SOURCE MATERIAL —
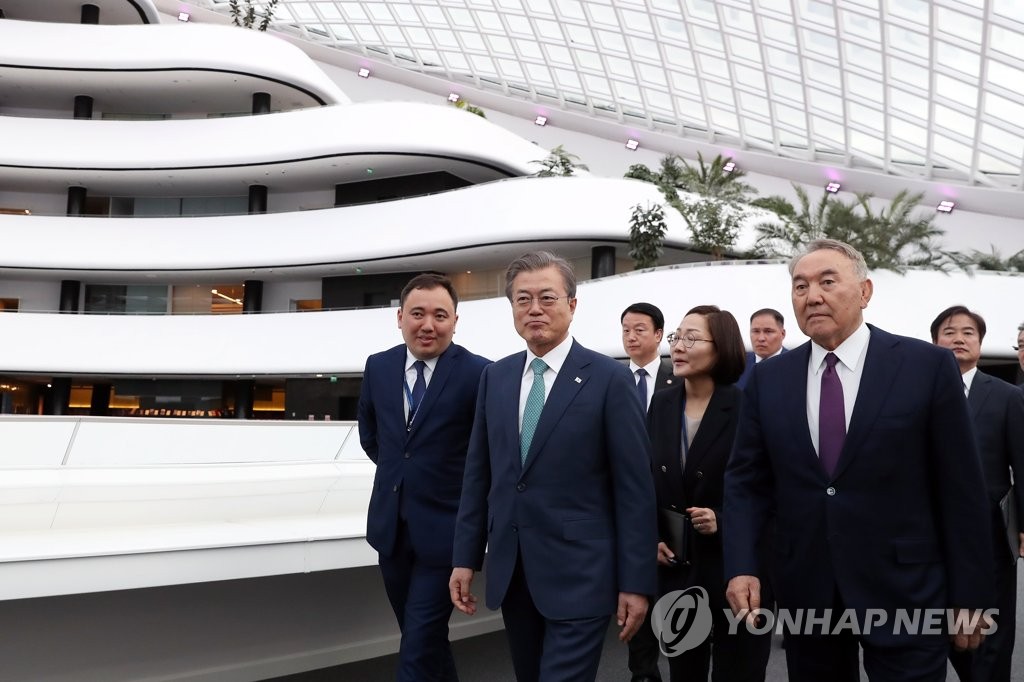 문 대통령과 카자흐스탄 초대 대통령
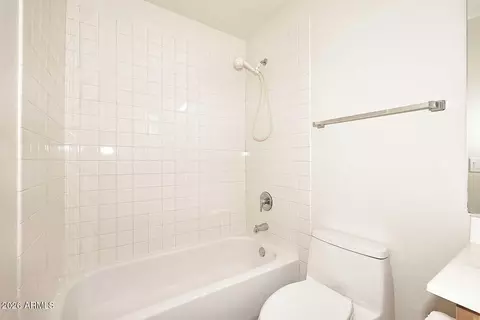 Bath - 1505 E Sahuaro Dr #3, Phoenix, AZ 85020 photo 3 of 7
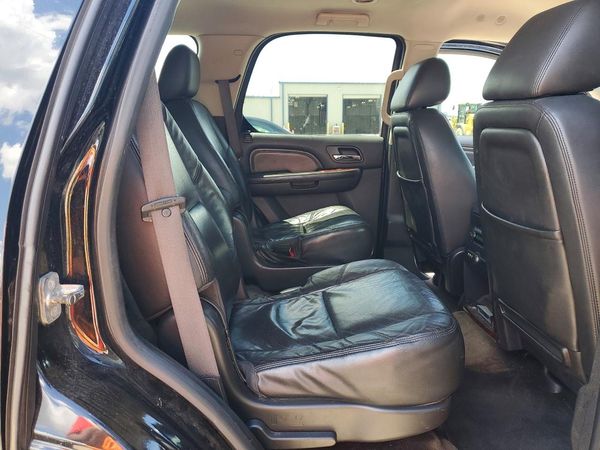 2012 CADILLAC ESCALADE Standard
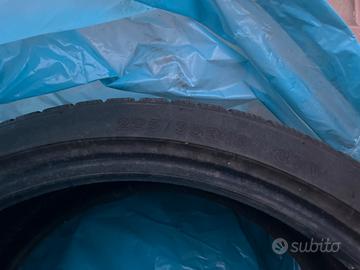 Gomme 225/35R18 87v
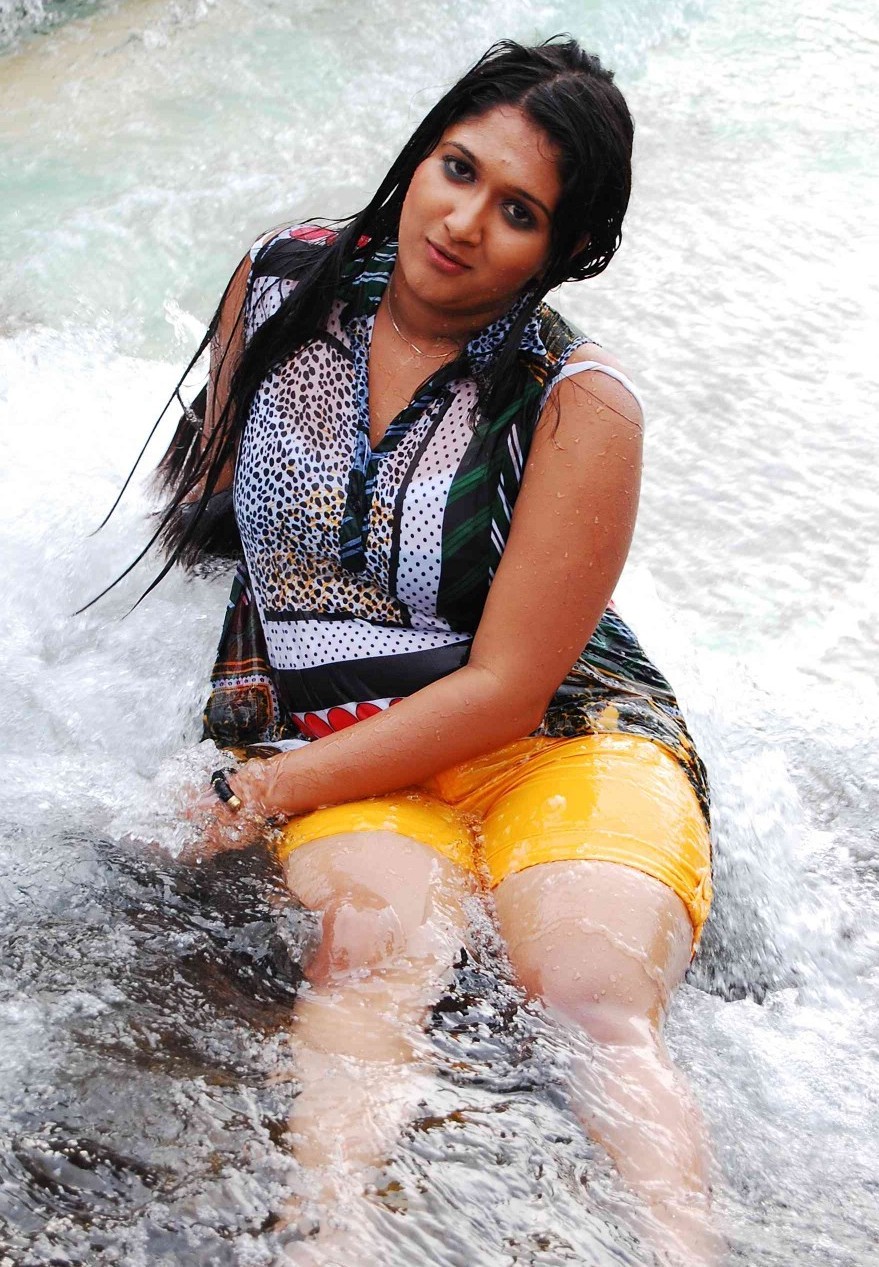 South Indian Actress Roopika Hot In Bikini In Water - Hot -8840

...

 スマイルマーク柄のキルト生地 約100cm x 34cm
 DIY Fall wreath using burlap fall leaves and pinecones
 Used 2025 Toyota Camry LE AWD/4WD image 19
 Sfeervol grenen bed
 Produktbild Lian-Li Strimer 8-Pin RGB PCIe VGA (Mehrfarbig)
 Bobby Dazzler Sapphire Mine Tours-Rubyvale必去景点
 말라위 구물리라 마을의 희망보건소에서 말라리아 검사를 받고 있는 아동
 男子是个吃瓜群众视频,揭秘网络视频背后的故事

---

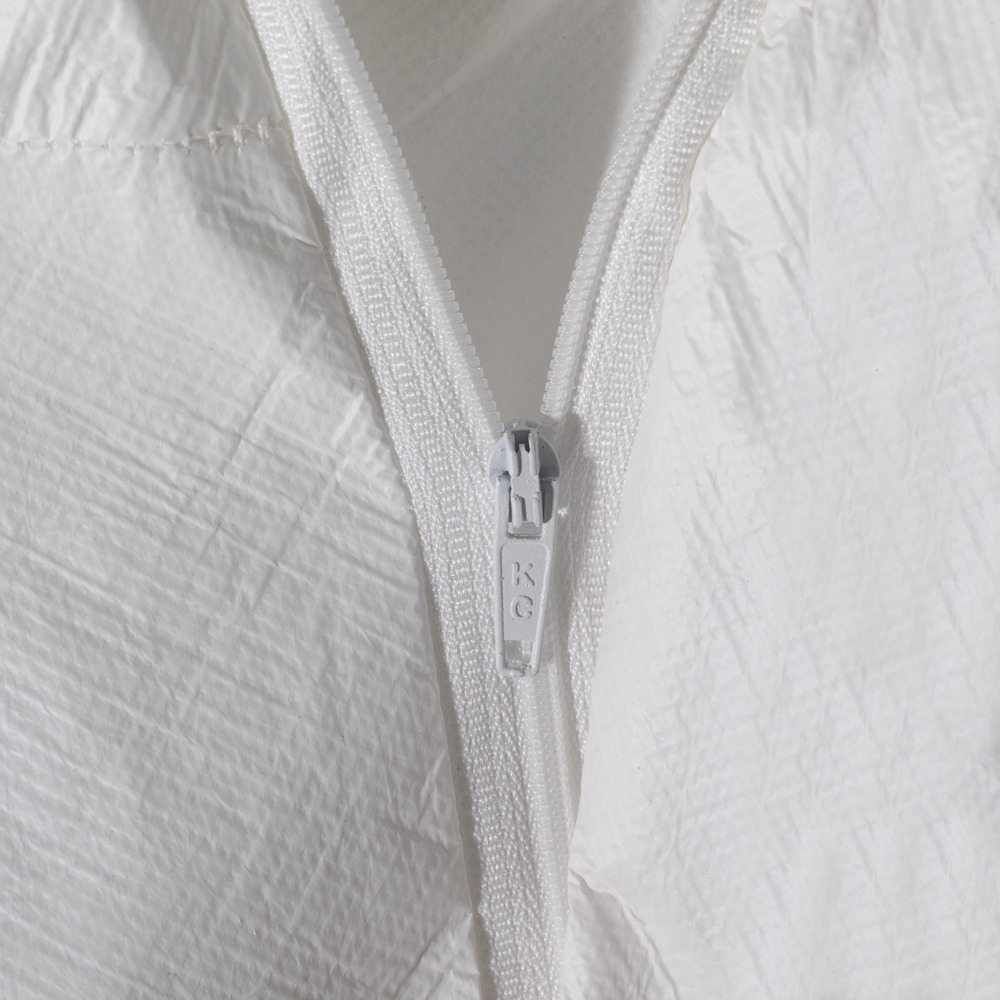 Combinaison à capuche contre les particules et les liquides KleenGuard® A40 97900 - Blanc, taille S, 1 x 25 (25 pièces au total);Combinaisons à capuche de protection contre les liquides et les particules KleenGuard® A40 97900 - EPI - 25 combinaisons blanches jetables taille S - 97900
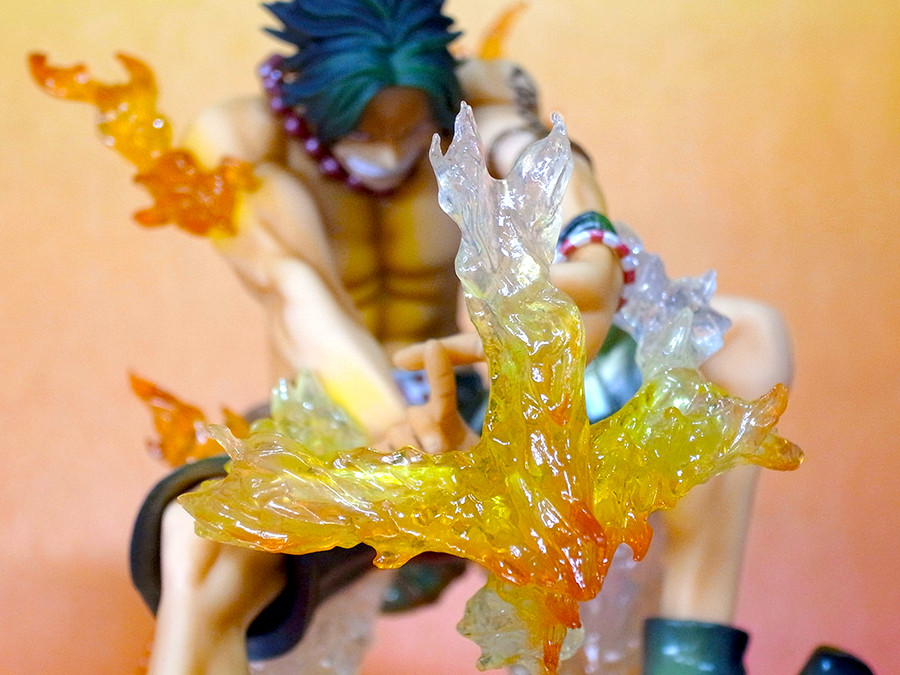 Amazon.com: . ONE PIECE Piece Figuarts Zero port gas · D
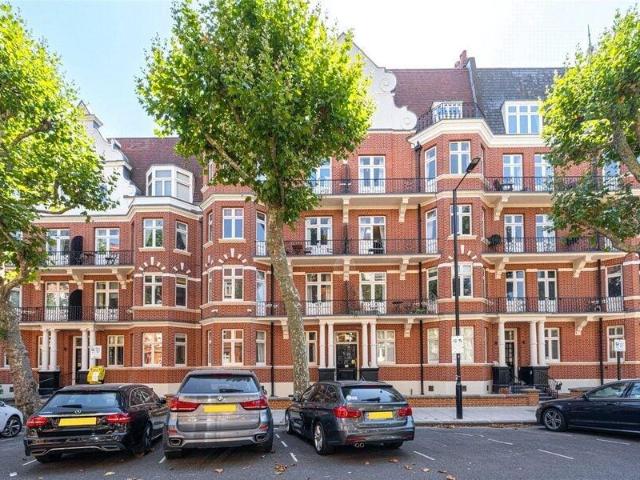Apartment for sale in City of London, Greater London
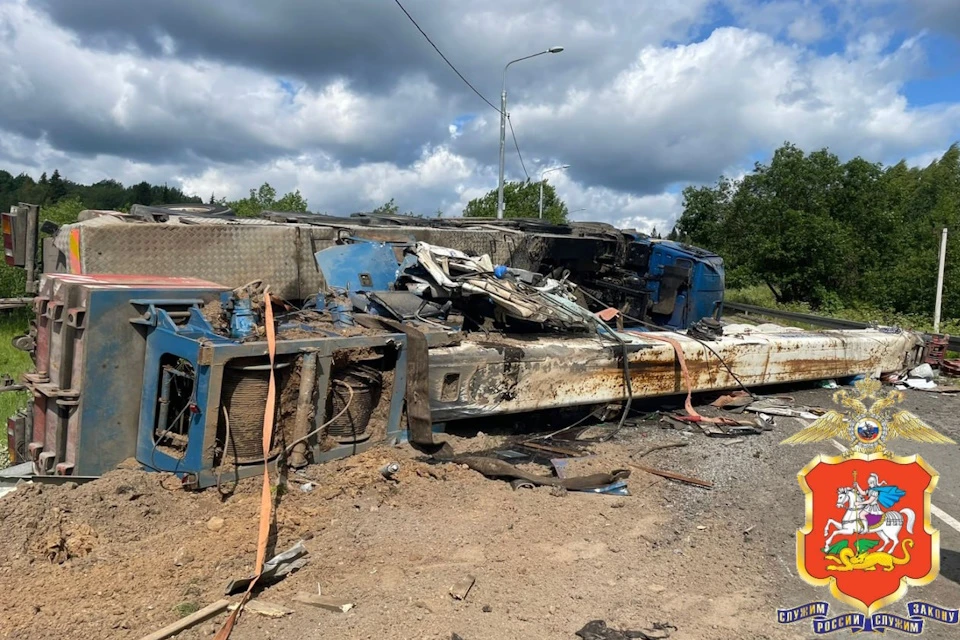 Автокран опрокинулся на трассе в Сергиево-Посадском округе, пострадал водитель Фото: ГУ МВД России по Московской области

TASK REQUIREMENTS — For this exercise, please output exactly the lines above starting at the line with "スマイルマーク柄のキルト生地 約100cm x 34cm" and ending at the line with "말라위 구물리라 마을의 희망보건소에서 말라리아 검사를 받고 있는 아동", ends included.

WRITTEN ANSWER —
 スマイルマーク柄のキルト生地 約100cm x 34cm
 DIY Fall wreath using burlap fall leaves and pinecones
 Used 2025 Toyota Camry LE AWD/4WD image 19
 Sfeervol grenen bed
 Produktbild Lian-Li Strimer 8-Pin RGB PCIe VGA (Mehrfarbig)
 Bobby Dazzler Sapphire Mine Tours-Rubyvale必去景点
 말라위 구물리라 마을의 희망보건소에서 말라리아 검사를 받고 있는 아동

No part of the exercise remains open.